R/conditionalQuantile.R
In openair: Tools for the Analysis of Air Pollution Data

Documented in conditionalQuantile

#' Conditional quantile estimates for model evaluation
#'
#' Function to calculate conditional quantiles with flexible conditioning. The
#' function is for use in model evaluation and more generally to help better
#' understand forecast predictions and how well they agree with observations.
#'
#' Conditional quantiles are a very useful way of considering model performance
#' against observations for continuous measurements (Wilks, 2005). The
#' conditional quantile plot splits the data into evenly spaced bins. For each
#' predicted value bin e.g. from 0 to 10~ppb the *corresponding* values of
#' the observations are identified and the median, 25/75th and 10/90 percentile
#' (quantile) calculated for that bin. The data are plotted to show how these
#' values vary across all bins. For a time series of observations and
#' predictions that agree precisely the median value of the predictions will
#' equal that for the observations for each bin.
#'
#' The conditional quantile plot differs from the quantile-quantile plot (Q-Q
#' plot) that is often used to compare observations and predictions. A Q-Q~plot
#' separately considers the distributions of observations and predictions,
#' whereas the conditional quantile uses the corresponding observations for a
#' particular interval in the predictions. Take as an example two time series,
#' the first a series of real observations and the second a lagged time series
#' of the same observations representing the predictions. These two time series
#' will have identical (or very nearly identical) distributions (e.g. same
#' median, minimum and maximum). A Q-Q plot would show a straight line showing
#' perfect agreement, whereas the conditional quantile will not. This is because
#' in any interval of the predictions the corresponding observations now have
#' different values.
#'
#' Plotting the data in this way shows how well predictions agree with
#' observations and can help reveal many useful characteristics of how well
#' model predictions agree with observations --- across the full distribution of
#' values. A single plot can therefore convey a considerable amount of
#' information concerning model performance. The `conditionalQuantile`
#' function in openair allows conditional quantiles to be considered in a
#' flexible way e.g. by considering how they vary by season.
#'
#' The function requires a data frame consisting of a column of observations and
#' a column of predictions. The observations are split up into `bins`
#' according to values of the predictions. The median prediction line together
#' with the 25/75th and 10/90th quantile values are plotted together with a line
#' showing a \dQuote{perfect} model. Also shown is a histogram of predicted
#' values (shaded grey) and a histogram of observed values (shown as a blue
#' line).
#'
#' Far more insight can be gained into model performance through conditioning
#' using `type`. For example, `type = "season"` will plot conditional
#' quantiles by each season. `type` can also be a factor or character field
#' e.g. representing different models used.
#'
#' See Wilks (2005) for more details and the examples below.
#'
#' @param mydata A data frame containing the field `obs` and `mod`
#'   representing observed and modelled values.

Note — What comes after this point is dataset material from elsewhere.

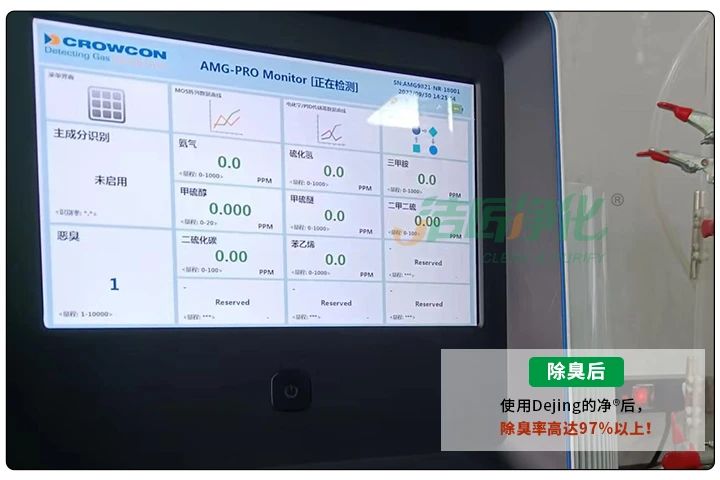 動物下腳料煉油異味大！“高效除臭”只需1臺高壓噴霧設(shè)備？.jpg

#' @param obs The name of the observations in `mydata`.
#' @param mod The name of the predictions (modelled values) in `mydata`.
#' @param type `type` determines how the data are split i.e. conditioned,
#'   and then plotted. The default is will produce a single plot using the
#'   entire data. Type can be one of the built-in types as detailed in
#'   `cutData` e.g. \dQuote{season}, \dQuote{year}, \dQuote{weekday} and so
#'   on. For example, `type = "season"` will produce four plots --- one for
#'   each season.
#'
#'   It is also possible to choose `type` as another variable in the data
#'   frame. If that variable is numeric, then the data will be split into four
#'   quantiles (if possible) and labelled accordingly. If type is an existing
#'   character or factor variable, then those categories/levels will be used
#'   directly. This offers great flexibility for understanding the variation of
#'   different variables and how they depend on one another.
#'
#'   Type can be up length two e.g. `type = c("season", "weekday")` will
#'   produce a 2x2 plot split by season and day of the week. Note, when two
#'   types are provided the first forms the columns and the second the rows.
#' @param bins Number of bins to be used in calculating the different quantile
#'   levels.
#' @param min.bin The minimum number of points required for the estimates of the
#'   25/75th and 10/90th percentiles.
#' @param xlab label for the x-axis, by default \dQuote{predicted value}.
#' @param ylab label for the y-axis, by default \dQuote{observed value}.
#' @param col Colours to be used for plotting the uncertainty bands and median
#'   line. Must be of length 5 or more.
#' @param key.columns Number of columns to be used in the key.
#' @param key.position Location of the key e.g. \dQuote{top}, \dQuote{bottom},
#'   \dQuote{right}, \dQuote{left}. See `lattice` `xyplot` for more
#'   details.
#' @param auto.text Either `TRUE` (default) or `FALSE`. If `TRUE`
#'   titles and axis labels etc. will automatically try and format pollutant
#'   names and units properly e.g.  by subscripting the `2' in NO2.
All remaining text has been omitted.